Kid-Friendly Acupuncture Ripley TN

If you're on pins and needles about your child's health, you should consider taking her to an acupuncturist for ear infections, stomachaches, allergies, fevers, or even attention'deficit disorder.

Magee Robert W
(731) 635-4741
202 Tucker Avenue
Ripley, TN
 
Hunt Joe W MD
(731) 635-4741
202 Tucker Avenue
Ripley, TN
 
Dr.

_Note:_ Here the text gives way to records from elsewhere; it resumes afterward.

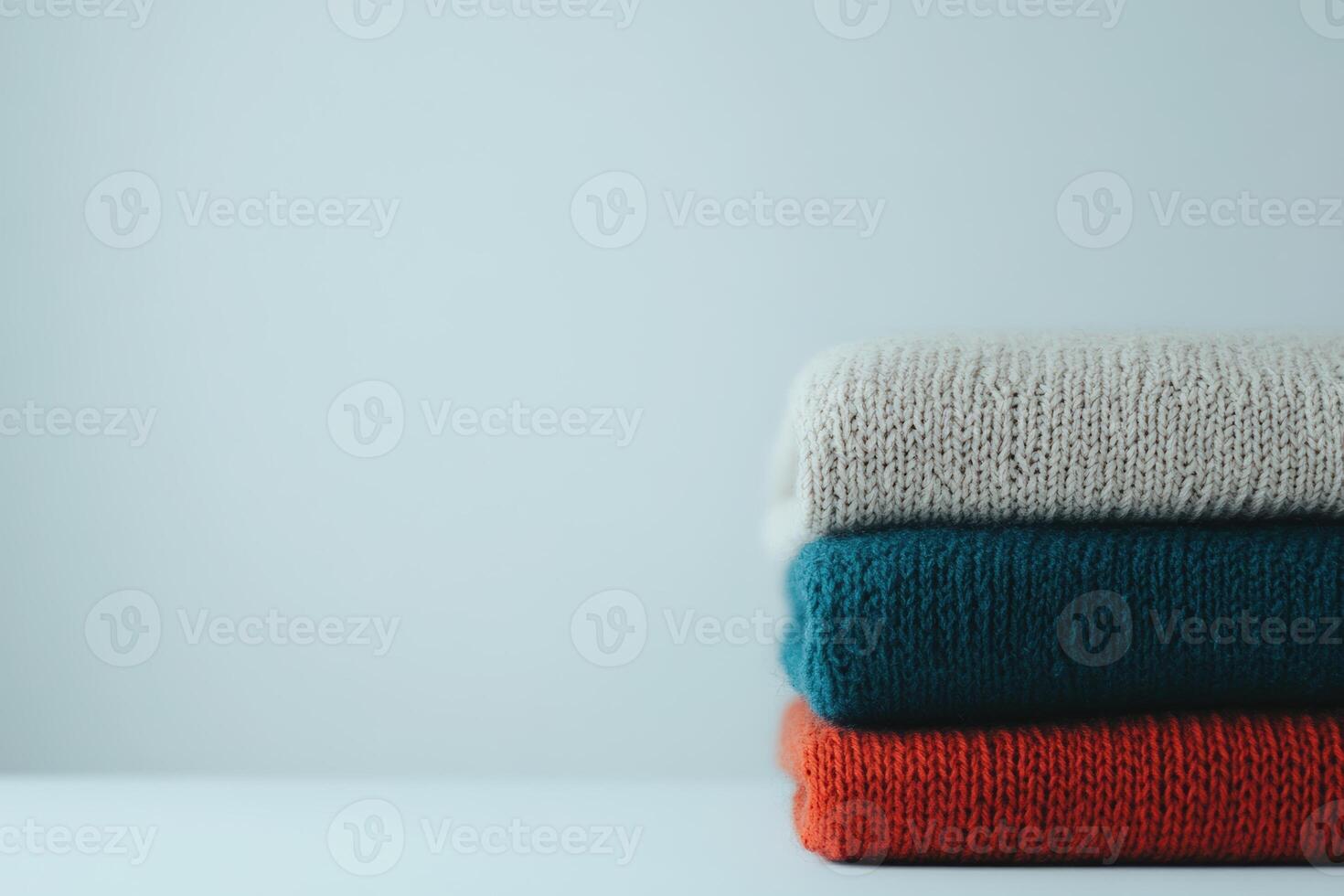 Cozy stacked sweaters in neutral and vibrant colors on a simple background photo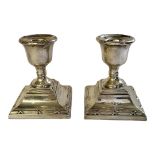 A PAIR OF SMALL HALLMARKED SILVER TOP DESK CANDLESTICKS Birmingham, 1929, of Neoclassical shape,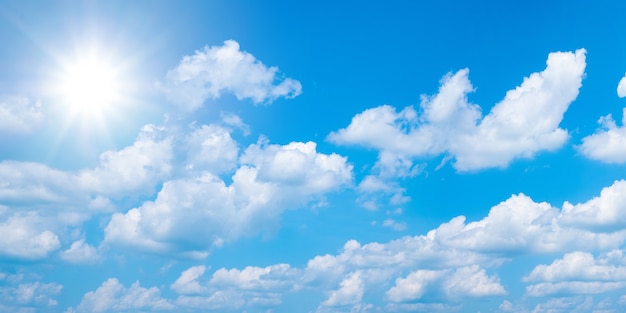 Bel cielo azzurro con nuvole bianche e sole, panarama di sfondo alla luce del sole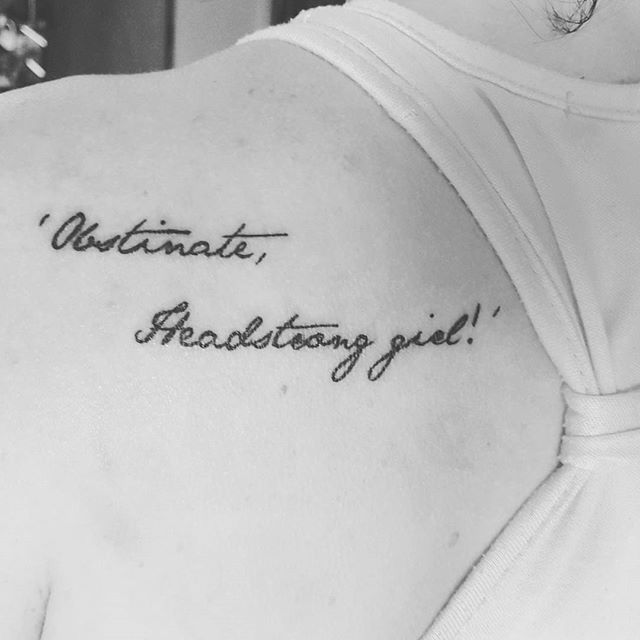 the back of a woman's shoulder with an inscription on it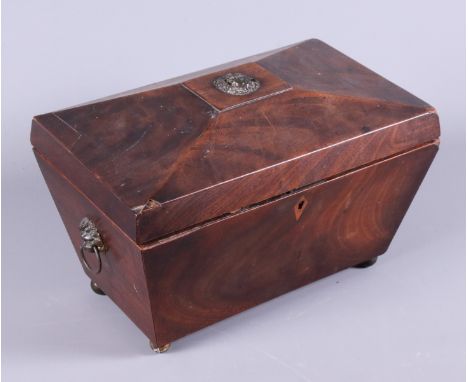 A Regency mahogany three-division sarcophagus tea caddy with twin lion mask handles, on brass feet, 6 1/2" wide, together wit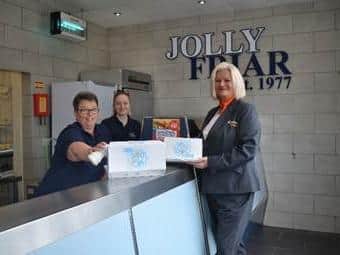 Jo Walker of Chestnut Homes with Jolly Friar manager Sharon Dennis and counter staff Ella Hawse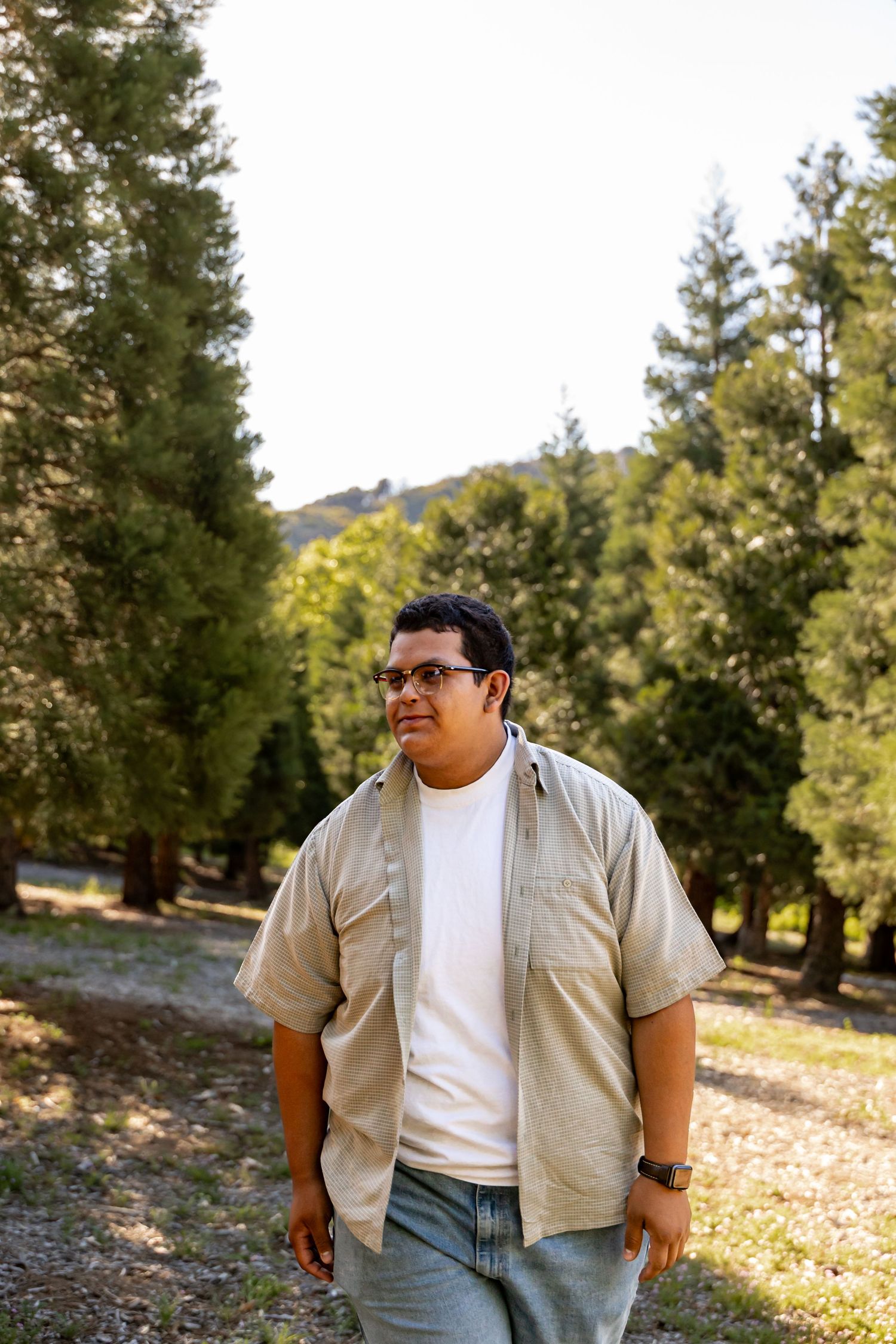 Someone wearing glasses, a beige shirt and white t-shirt poses casually in a scenic forest setting at golden hour in Yucaipa.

Deborah L Beasley
(901) 476-1155
1998 Highway 51 S
Covington, TN
Specialty
Pediatrics

Deborah L Beasley, DO
(901) 476-1155
1998 Highway 51 S
Covington, TN
Specialties
Pediatrics
Gender
Female
Education
Medical School: Kirksville Coll Of Osteo Med, Kirksville Mo 63501
Graduation Year: 1990

Data Provided by:
Natarajan Shankar MD
(901) 476-0043
901 Highway 51 North
Covington, TN
 
Murray Wayne D MD
(731) 635-4741
202 Tucker Avenue
Ripley, TN
 
Medsouth Healthcare P C
(731) 635-4741
202 Tucker Avenue
Ripley, TN
 
Covington Pediatrics
(901) 476-1155
1998 Highway 51 South
Covington, TN
 
Porch Laura E FNP
(901) 476-0043
901 Highway 51 North
Covington, TN
 
Jimmie Lee Beasley, MD
(901) 476-1155
1998 Highway 51 S
Covington, TN
Specialties
Pediatrics, Neonatal-Perinatal Medicine
Gender
Male
Education
Medical School: Univ Of Tn, Memphis, Coll Of Med, Memphis Tn 38163
Graduation Year: 1973
Hospital
Hospital: Baptist Memorial Hosp Tipton, Covington, Tn; Methodist Health -Le Bonheur, Memphis, Tn
Group Practice: Covington Pediatrics

Data Provided by:
Data Provided by:

Kid-Friendly Acupuncture

Provided by: 

By Beth Jacobsen

If you’re on pins and needles about your child’s health, you should consider taking her to an acupuncturist for ear infections, stomachaches, allergies, fevers, or even attention-deficit disorder. The kid-sized needles—they’re about the width of a human hair—don’t hurt, but to help allay what seems to be a universal fear of needles, acupuncturists often start by demonstrating on themselves, mom, or even a pet. Usually, the parents do the panicking. “Most children don’t even know needles are being used,” says Ellen Silver Highfield, a Harvard-affiliated acupuncturist at Children’s Hospital in Boston. “I have pictures of smiling 5-year-olds with needles in them.”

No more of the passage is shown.